Am Ende ist manches ganz, ganz furchtbar klar.

„The Guilty“ von Gustav Möller

von Renate Wagner

The Guilty
(Dänemark 2018)

Regie: Gustav Möller
Mit: Jakob Cedergren u.a.
 
Dienst in der Notrufzentrale einer Polizeistation ist ermüdend und schwierig. Die Leute, die anrufen, drücken sich unklar aus, einer ist krank, einer überfallen worden, manche plappern einfach blöde vor sich hin. Asger Holm ist hierher abkommandiert – später erfahren wir, daß er wegen eines Vorfalls vorläufig vom aktiven Dienst abgezogen wurde. Am nächsten Tag erfolgt die Untersuchung, ob er den jungen Mann in Notwehr erschossen hat.
Einstweilen sitzt er müde da, und wenn eine Frau erst unverständlich bleibt, neigt er dazu aufzulegen. Bis er plötzlich schaltet – redet sie wirklich mit ihrer Tochter, wie es den Anschein hat? Oder ist sie entführt worden und täuscht den Entführer, indem sie die Polizei gewählt hat? Von da an – geht’s an…
 
Meist sind die skandinavischen Filme (wenn nicht ein Meisterwerk wie „The Square“ darunter ist) besonders harte Krimis, seelisch und real grausam. Bei diesem dänischen Film haben wir es mit einem minimalistischen Psychothriller zu tun, der faktisch nur am Telefon und, für die Filmemacher, im Gesicht des Hauptdarstellers stattfindet. Es gehen zwar ein paar Kollegen durch die Polizeistation, spielen aber keine Rolle. Die rätselhaft fortschreitende Handlung vermittelt sich allein durch Stimmen.
Nun ist „ein Mann am Telefon“ keine neue Idee des Kinos, aber es geht immer um die Ausführung. Und wie sich hier wie bei einer Zwiebel eine Familientragödie herausschält, in der auch noch die Kinder mitspielen, das ist fabelhaft spannend, wenn man auch – ehrlich gesagt – natürlich den Verdacht hat, daß nicht alles so ist, wie es scheint. Sonst wäre es ja kein genuiner Krimi.
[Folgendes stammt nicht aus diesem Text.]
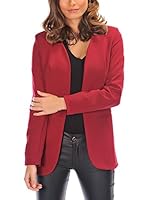 Nice&Rock Veste Marni (BORDEAUX)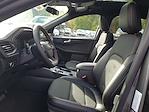2026 Ford Escape AWD SUV for sale #260037 - photo 7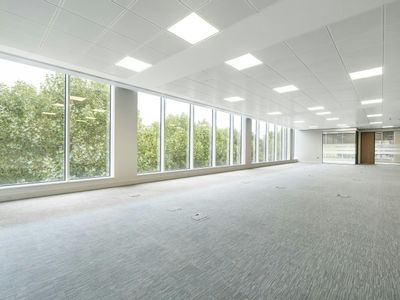 Property Image for Westside Two, London Road, Apsley, HP3 9TD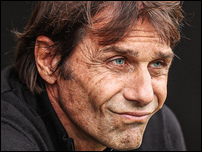 ������� �����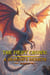 The Ashen Crown Cycle: A Dragon's Rebirth(BOOK 1) - The Ashen Crown Cycle, #1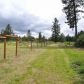 3714 E Bailey Rd, Chattaroy, WA 99003 ID:486183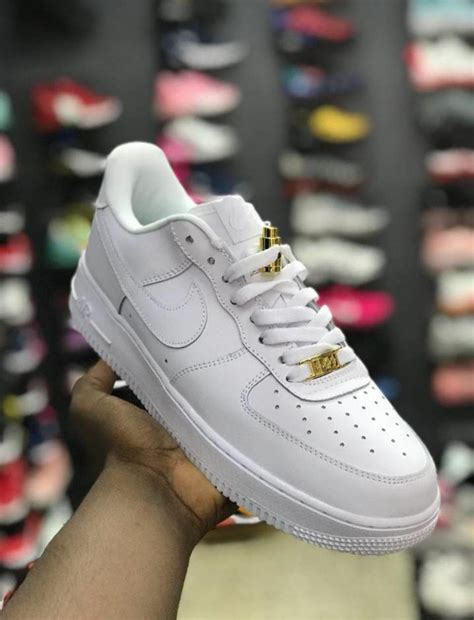 4.3 out of 5 stars 52. Tenis Nike Air Force One / Croky-croki. - $ 2,500.00 en ...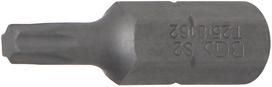 Antgalis | 8 mm (5/16") storio | T-star (Torx) T25 (8162)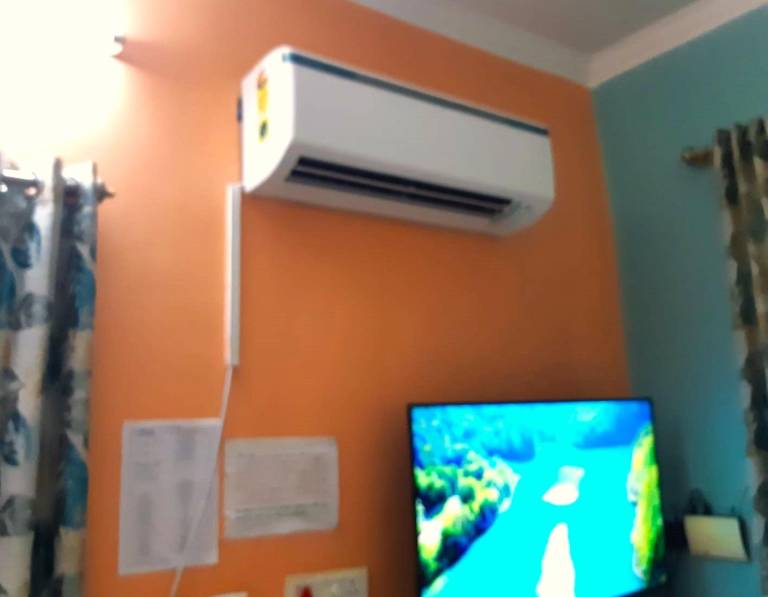 foto35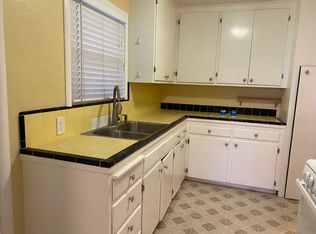 513 Belden St, Monterey, CA 93940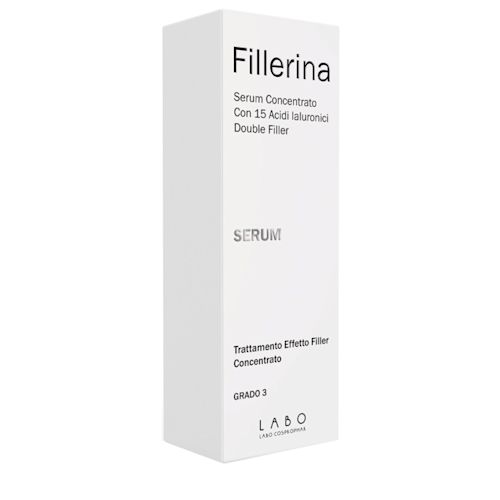 950907004 - FILLERINA 15 HA CONCENTRATED SERUM  G3 - 4830851_1.jpg
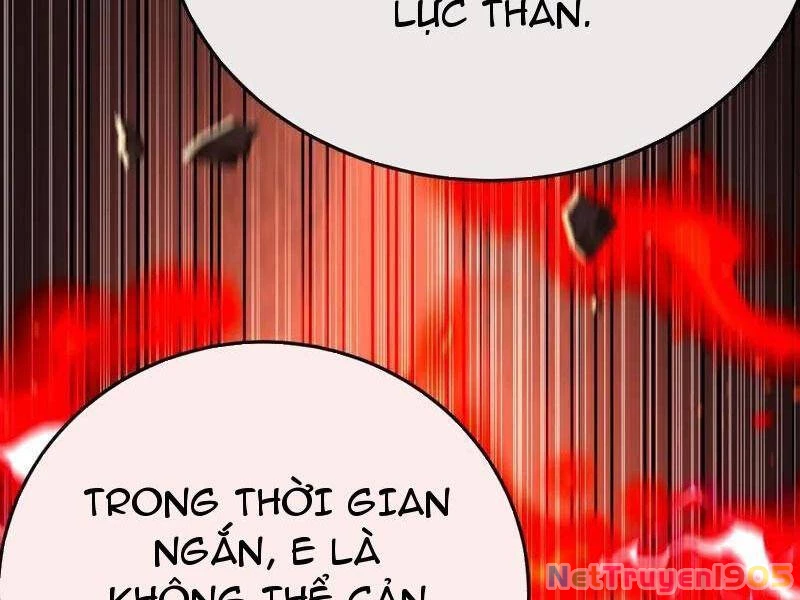 Thập Đại Đế Hoàng Đều Là Đệ Tử Của Ta Chapter 382 - 30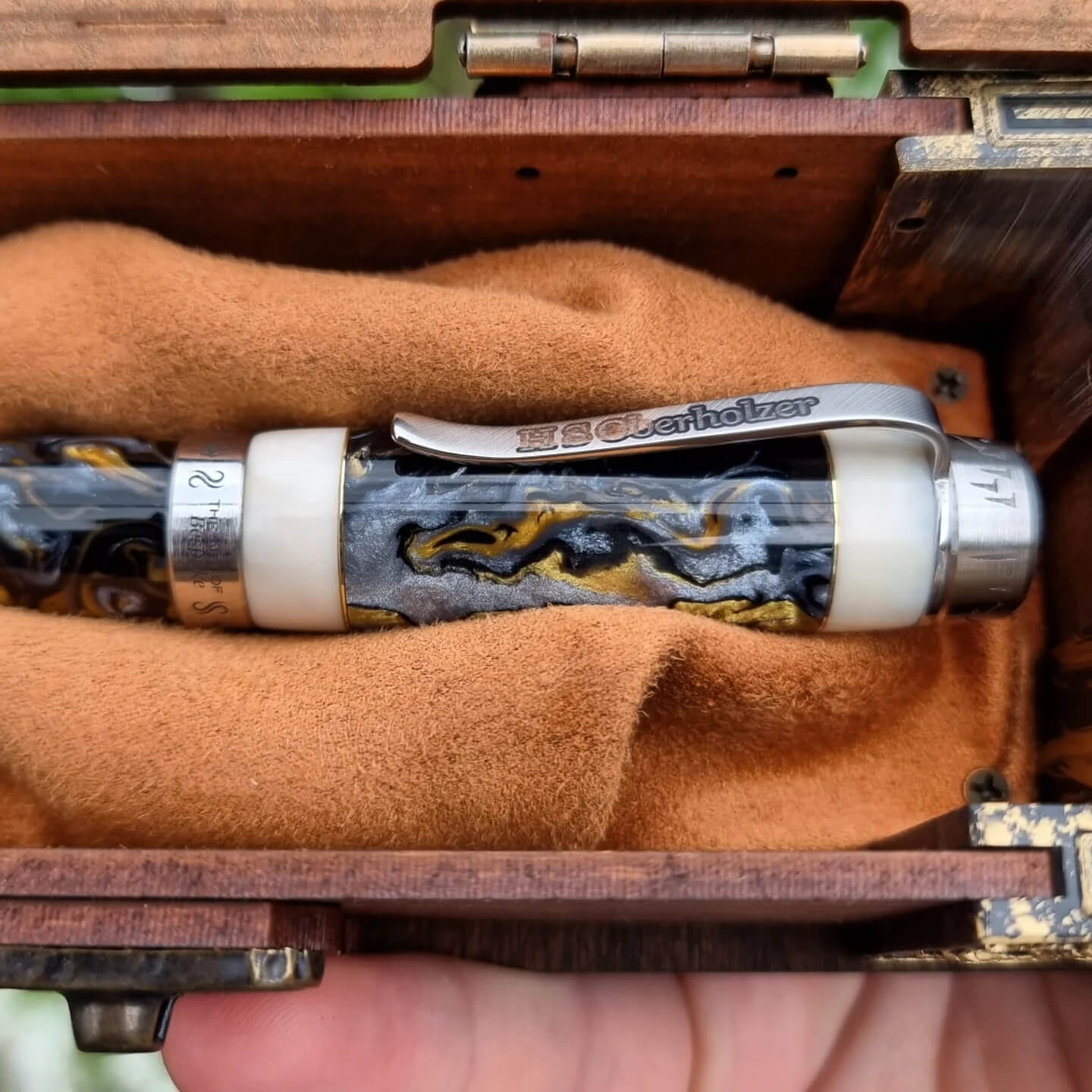 Fidevita "Africa" - Image 8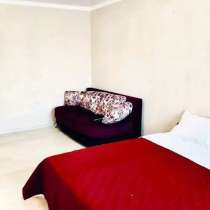 1-комнатная кв., ЖК Life Park, ул. Орынбор, 39 м², сдам, в г.Астана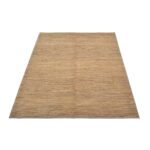 Tappeto Gabbeh Gabra 192 X 151 cm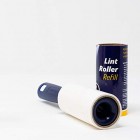 Korbond 2 x 3 m Lint Roller Refills Lint Dust Pet Hair Remover Clothes Furniture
Und wenn sich dann am Ende die Tragödien als noch viel schlimmer herausstellen als man je befürchtet hätte… ja, dann hat man in diesem Film, mit dem Gustav Möller sein abendfüllendes Spielfilmdebüt gab und eine scheinbar nur reale Geschichte meisterlich transzendiert, auch Asgar näher kennen gelernt.
 
Und da liegt nun alles auf dem blonden Jakob Cedergren, der auf den ersten Blick – man soll sich nicht täuschen lassen! – so durchschnittlich wirkt. Der dann aus seiner Routine heraustritt in ein Stadium von Verantwortung, wo er diesen Fall nicht an Kollegen weitergibt, sondern selbst dran bleibt, wo er für eine verzweifelte Frau am Telefon und auch für ihre kleine Tochter und am Ende auch für den Ehemann den Psychiater spielen muß. Und man fühlt regelrecht die Last, die auf ihm liegt. Und man spürt, wie sie immer schwerer wird, je mehr er die Zusammenhänge durchschaut und die Aussichtslosigkeit einer „Lösung“ erkennt. (Und nur gegen Ende schleicht sich in den Dialog hie und da etwas Pathos ein.)
Und da webt sich noch ein Handlungsstrang hinein – wenn er mit seinem Kollegen Raschid spricht. Der offenbar morgen aussagen wird, Asgar habe aus Notwehr gehandelt. Aber ist das eine Lüge? Wie nah steht ihm Raschid, so daß der blonde Däne nebenbei einmal fallen läßt, er esse kein Schweinefleisch? Vieles bleibt rätselhaft, dabei ist manches andere am Ende ganz, ganz furchtbar klar.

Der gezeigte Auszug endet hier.